Browser-side tools
Text, metadata, and markup utilities run entirely in your browser using your own input. Nothing you paste is uploaded or stored — the calculation happens on your device.
Every number on this site comes from a method we can explain in plain language. This page documents where the data comes from, how each score is calculated, and — just as importantly — what each result cannot tell you. No proprietary “secret sauce”, and no promises about rankings.
Text, metadata, and markup utilities run entirely in your browser using your own input. Nothing you paste is uploaded or stored — the calculation happens on your device.
URL and domain checks send only the public address you enter to our edge function, which fetches the page once and reads the response. They report the live state at request time, which can change.
A few tools call free, public APIs — Open PageRank, Google PageSpeed Insights, and Google Autocomplete. We present that data as sourced, with its provider and date, not as our own measurement.
We do not run a private web-scale crawl. Where external data is used, here is the exact source.
Domain-authority-style estimates come from the free Open PageRank API, which models link-based importance across a large web crawl. It is published on a 0–10 scale; we multiply by ten for a familiar 0–100 figure and also show the raw value, global rank, and the provider's last-updated date. It is not Moz Domain Authority or Ahrefs Domain Rating — those are different metrics built from different data.
Page-speed results come straight from Google's official PSI / Lighthouse API: a simulated lab run plus real-world Chrome User Experience Report field data when Google has enough of it. Scores vary between runs because Lighthouse simulates load conditions — that is expected, not an error.
Keyword ideas come from Google's public Autocomplete suggestions, expanded across letters and question words. These are real queries people type, but they are ideas only — we do not invent search volume, difficulty, or CPC, because no free source provides reliable figures for those.
Domain age comes from the public RDAP registration record. On-page checks (titles, meta tags, headings, links, schema, robots, sitemaps) are read directly from the page's served HTML or its robots.txtand XML sitemaps — the same things a search crawler sees.
Our own scores (SEO score, AdSense readiness, GEO/AI-citation readiness, mobile-friendliness) are deterministic: each adds up clearly-defined checks. The checklist always shows which checks passed and failed, so the number is explainable, not magic.
A score is the sum of individual checks, each with a fixed weight that reflects how much it matters. You see every check's pass/warn/fail status, so you can act on specifics rather than chase a single figure.
Mobile-friendliness and content-readiness use documented heuristics, not Google's internal systems (Google's standalone mobile-friendly test was retired). Each tool states this on its own page.
The Indexability Checker counts the URLs a site actually declares in its sitemaps and allows in robots.txt — a footprint estimate, not a live count of what Google has indexed.
Read this before you act on any number here.

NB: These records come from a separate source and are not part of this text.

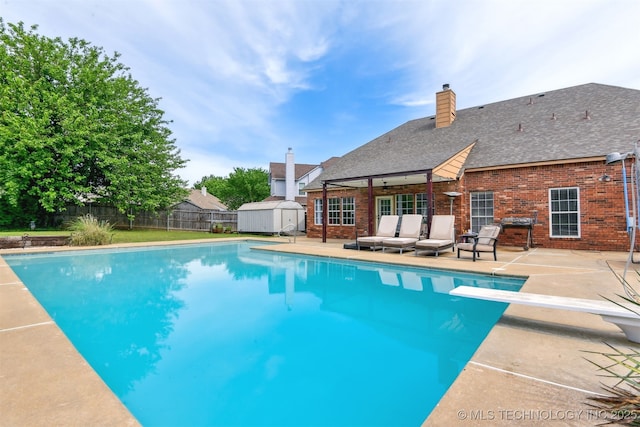 view of pool with an outbuilding, a fenced in pool, a shed, a patio, and a fenced backyard
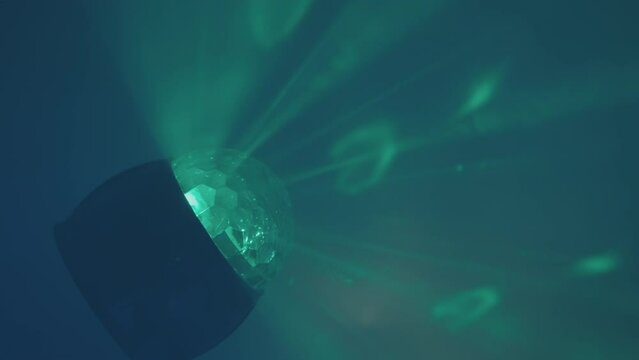 Color, RGB ball of color music shines with laser beams in the disco smoke. Concept of abstract background, dance floor, music and entertainment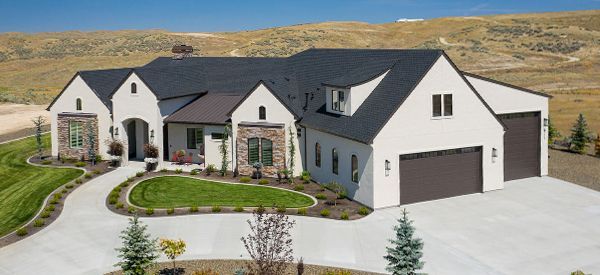 A large white house with a black roof is sitting on top of a lush green hillside.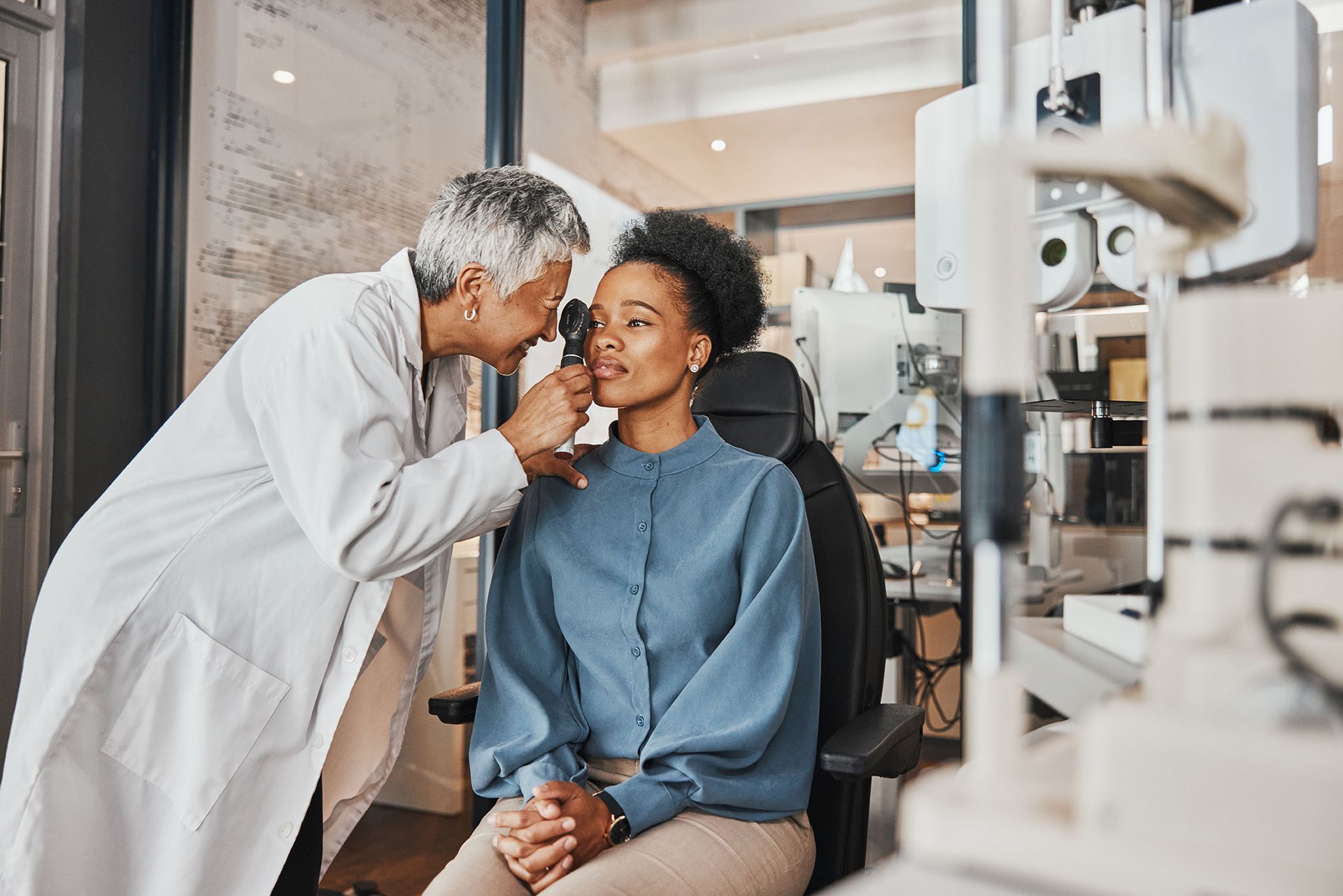 Woman at eye doctor, being examined with equipment, smiling.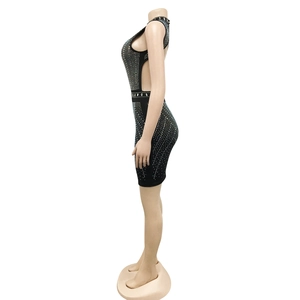 Detail view of the silver rhinestones and sexy side hollow-out on the black mesh dress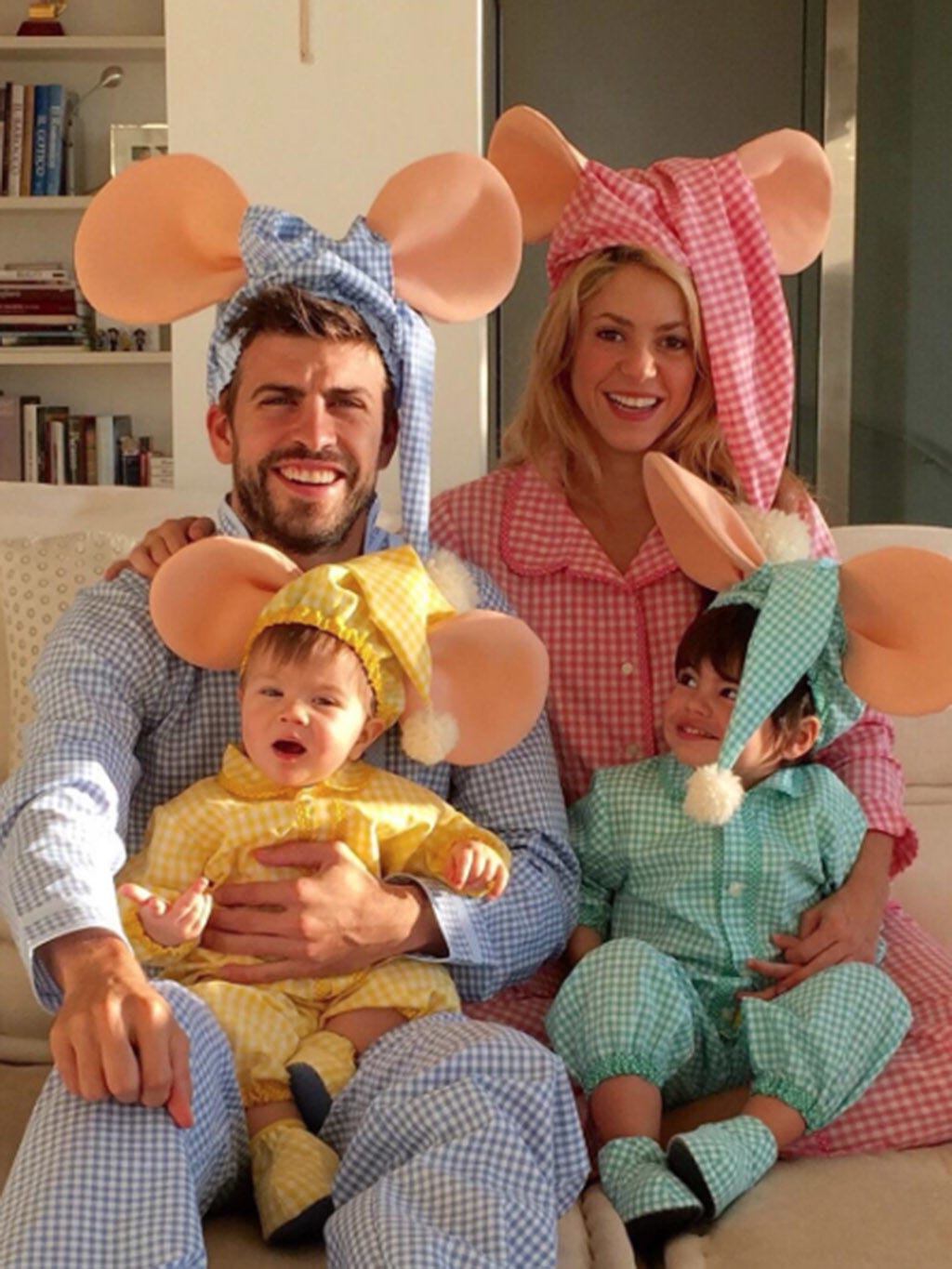 Human, Smile, Happy, Costume accessory, Headgear, Comfort, Baby & toddler clothing, Shelf, Lap, Bookcase, 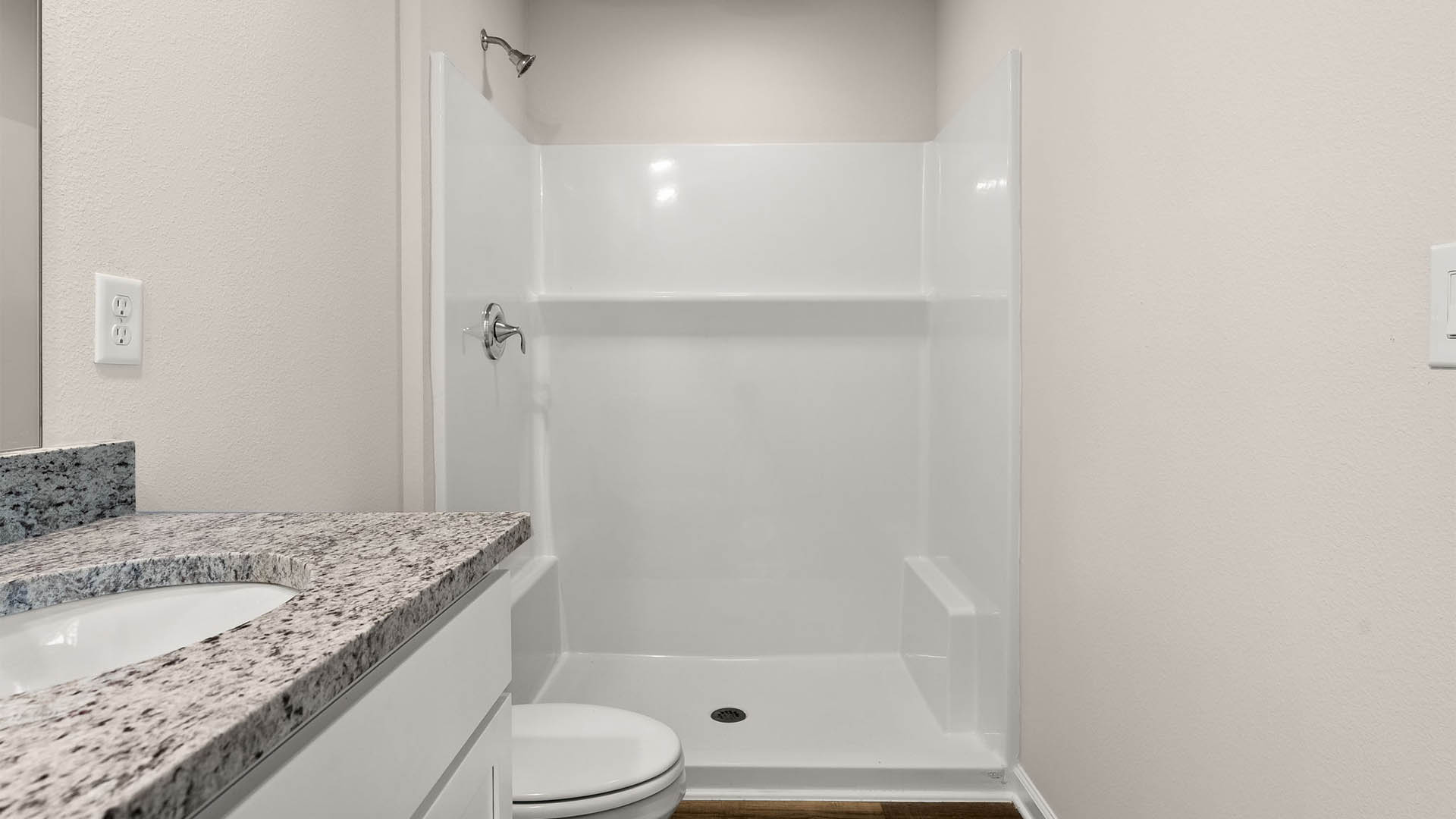 Primary bathroom with double vanity granite countertops and toilet and shower and EVP flooring.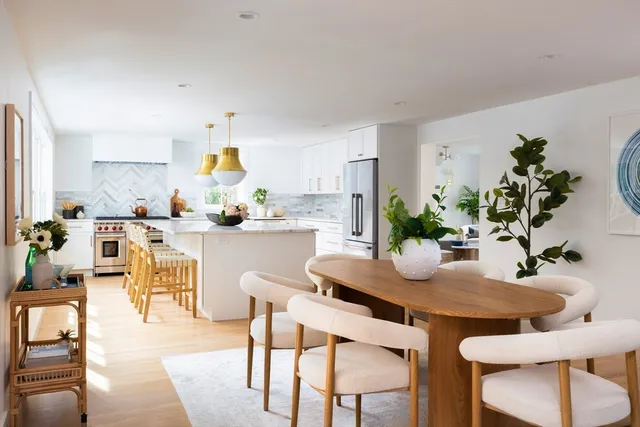 a kitchen with a table and chairs in it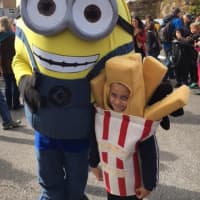 <p>A minion and a french fry make friends at the Ragamuffin Parade in Pleasantville.</p>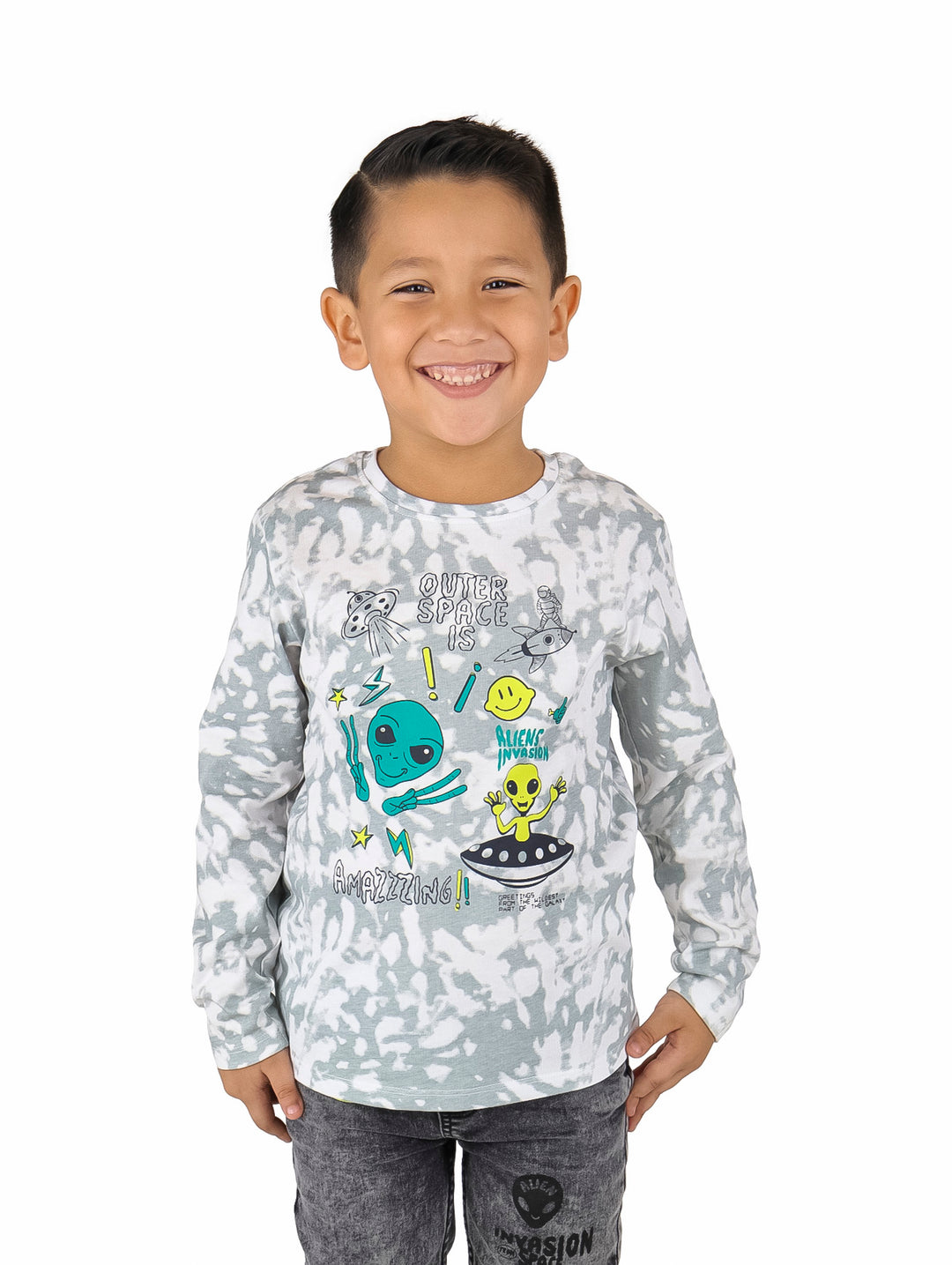 Niño vistiendo camiseta manga larga blanca y gris con efecto tie-dye y estampado de alienígenas y ovnis.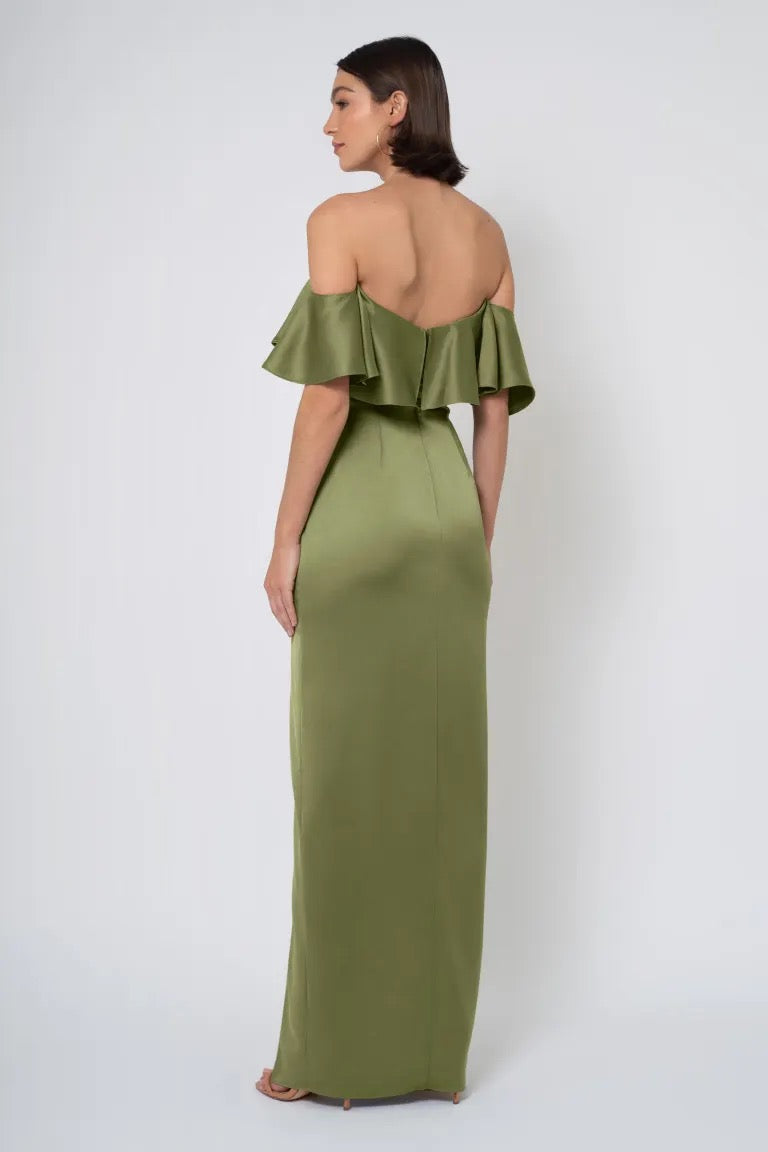 A woman wearing an olive green strapless off-the-shoulder ruffle gown, Winter by Jenny Yoo Bridesmaid Dress by Bergamot Bridal, viewed from behind.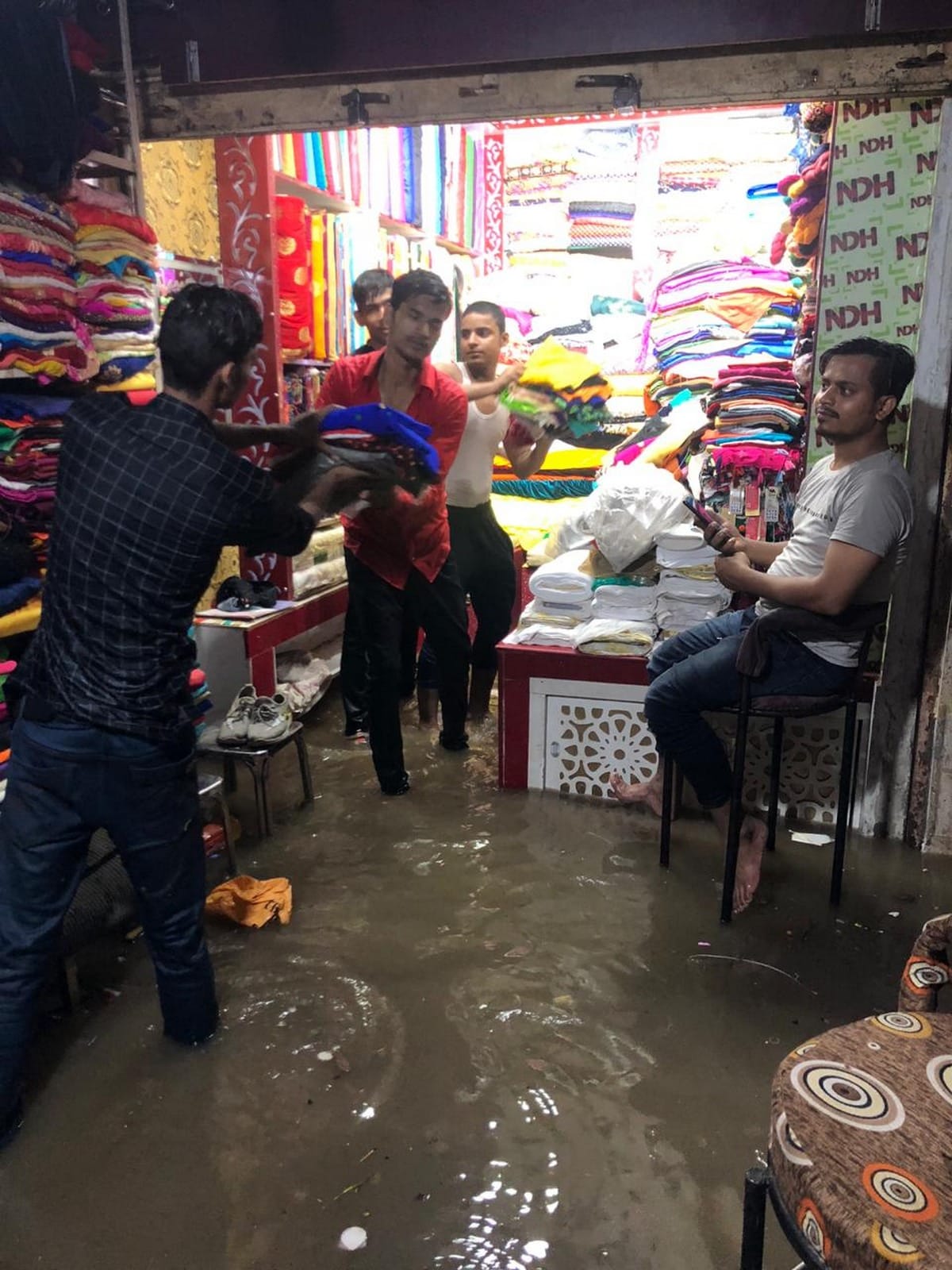 water logging on road shop traffic jam in varanasi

No score here predicts rankings, traffic, or AdSense approval. Google uses no single “authority score”, and rankings depend on relevance, content quality, intent, and technical health far more than any one metric. Be skeptical of any tool that promises a position.
The Backlink Audit Tool analyses the data you provide and the single page it fetches. It does not discover every link pointing at a domain the way a paid crawler with its own index does, so treat counts as a structured read of a known sample, not a complete census.
Live-fetch tools see only what a single request returns at that moment. Content injected by JavaScript, or behind a login or paywall, may not appear, and results change whenever the target site changes.
Authority, age, and indexability are estimates that lag reality and differ between vendors. If you need a specific provider's official number, check it in that provider's own product.
We treat methodology and accuracy feedback as part of normal maintenance — corrections are welcome.